● **THE TASK**
If pictures appear among the lines below, leave them out while you return exactly the lines from the one with "セシーズイシイ8の物件内観写真" through the one with "Toyota Granvia 2021 Black".

ENTRIES PROVIDED below:

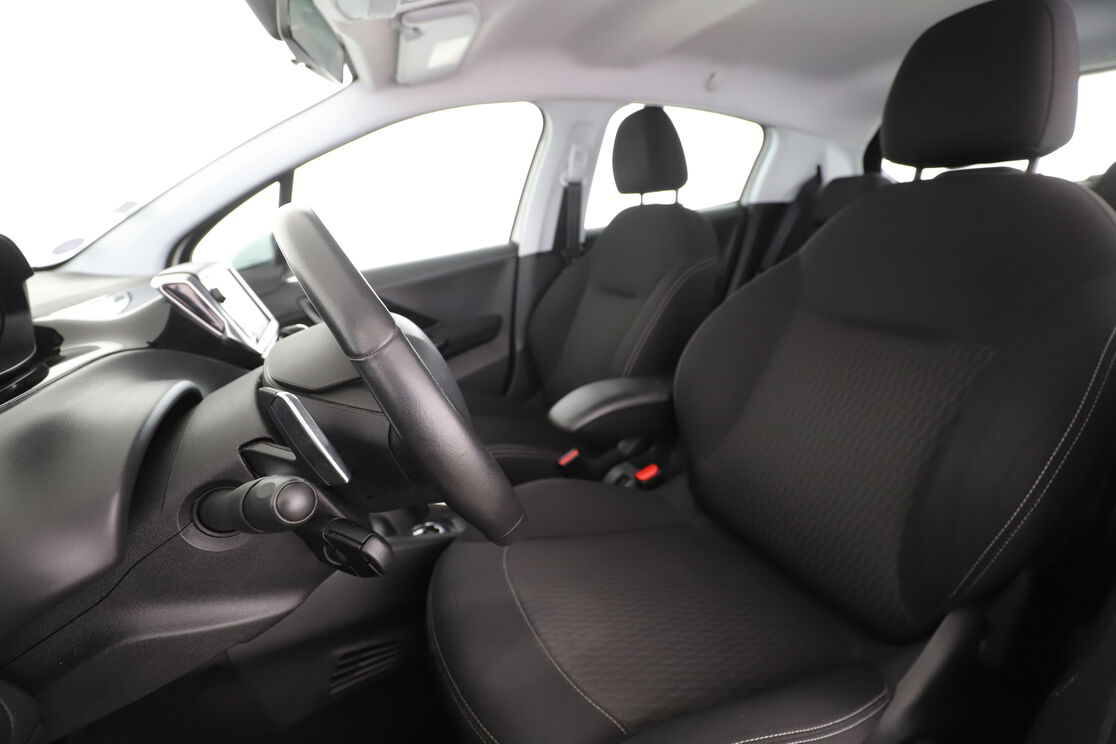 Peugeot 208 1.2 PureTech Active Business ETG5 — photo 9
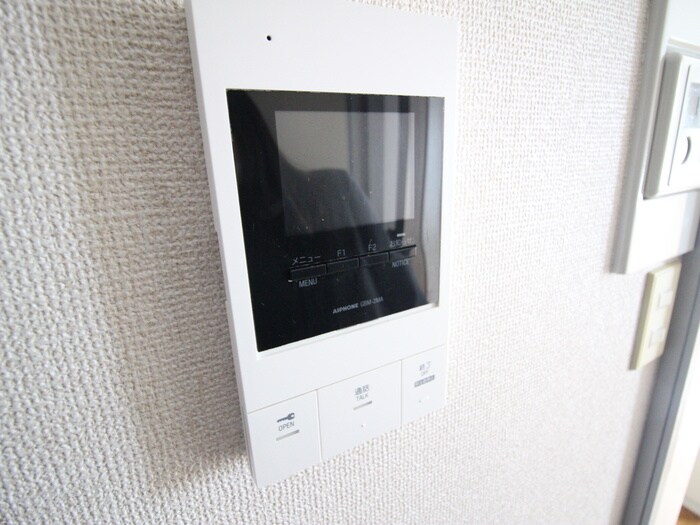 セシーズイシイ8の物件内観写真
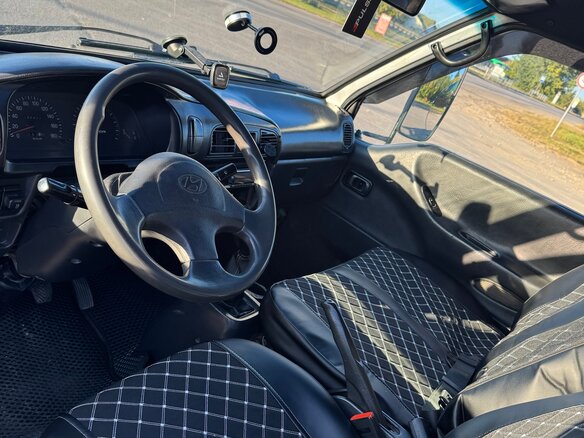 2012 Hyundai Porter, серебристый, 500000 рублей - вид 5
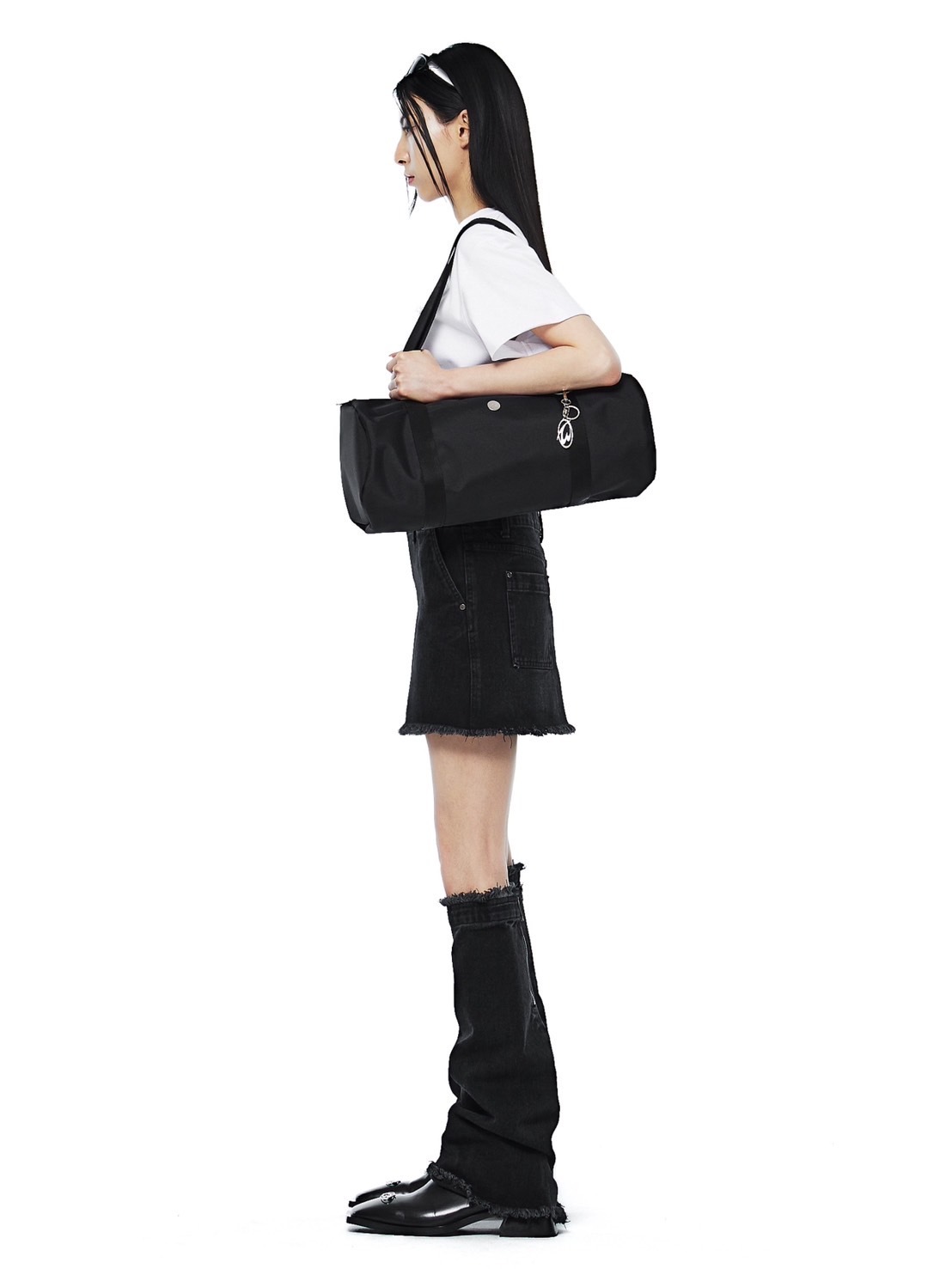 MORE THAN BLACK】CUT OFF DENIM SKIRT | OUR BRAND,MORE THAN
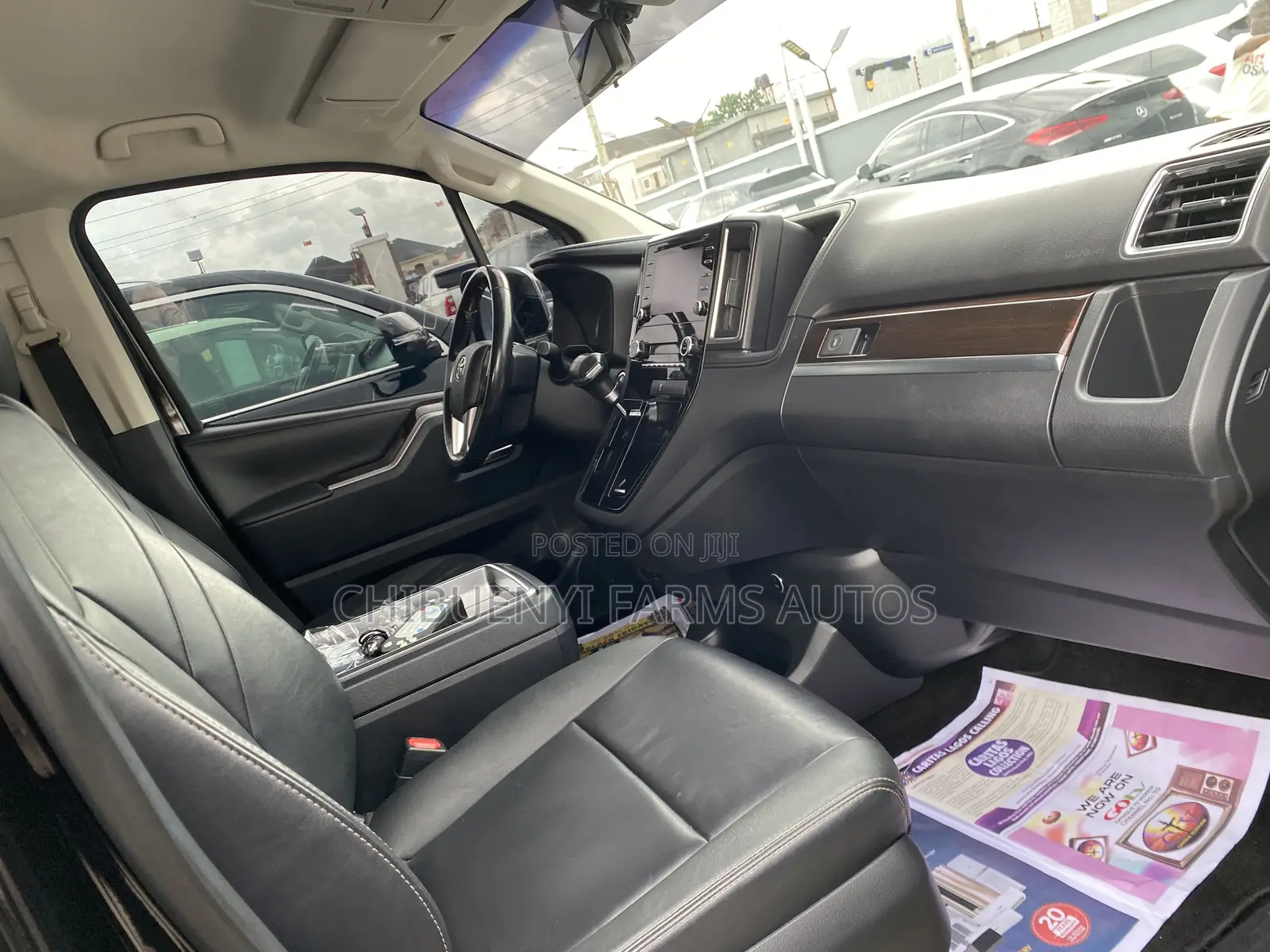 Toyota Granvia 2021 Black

End of ENTRIES PROVIDED.
ENTRIES PROVIDED below:

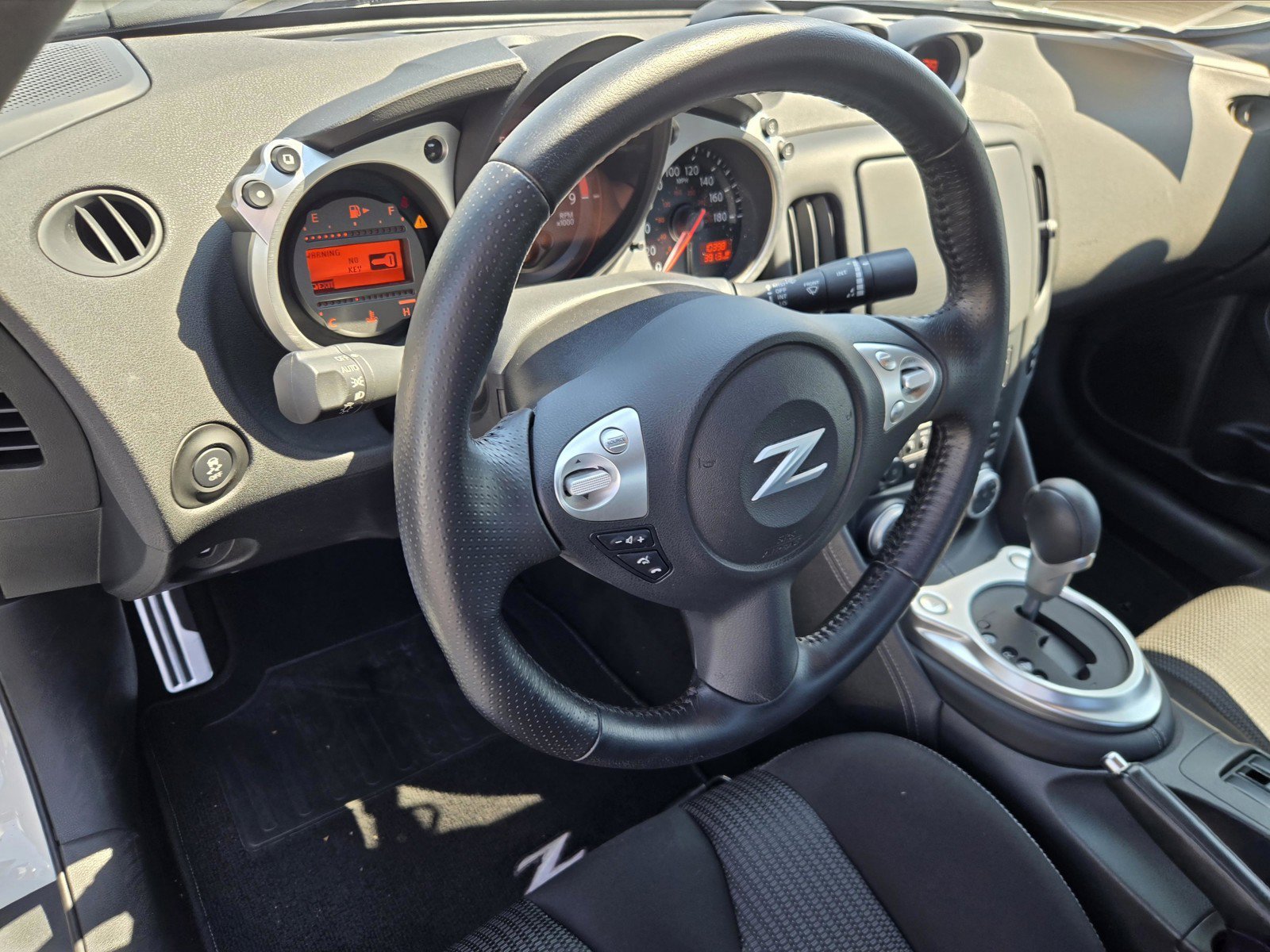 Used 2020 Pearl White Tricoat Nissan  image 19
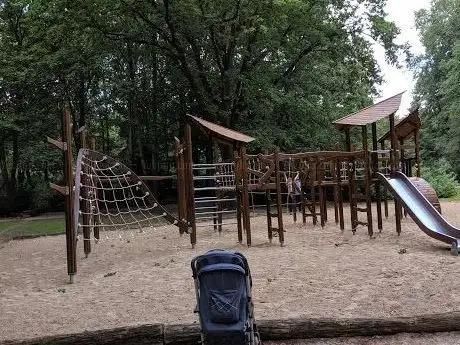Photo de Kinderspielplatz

End of ENTRIES PROVIDED.

● **THE ANSWER**
 セシーズイシイ8の物件内観写真
 2012 Hyundai Porter, серебристый, 500000 рублей - вид 5
 MORE THAN BLACK】CUT OFF DENIM SKIRT | OUR BRAND,MORE THAN
 Toyota Granvia 2021 Black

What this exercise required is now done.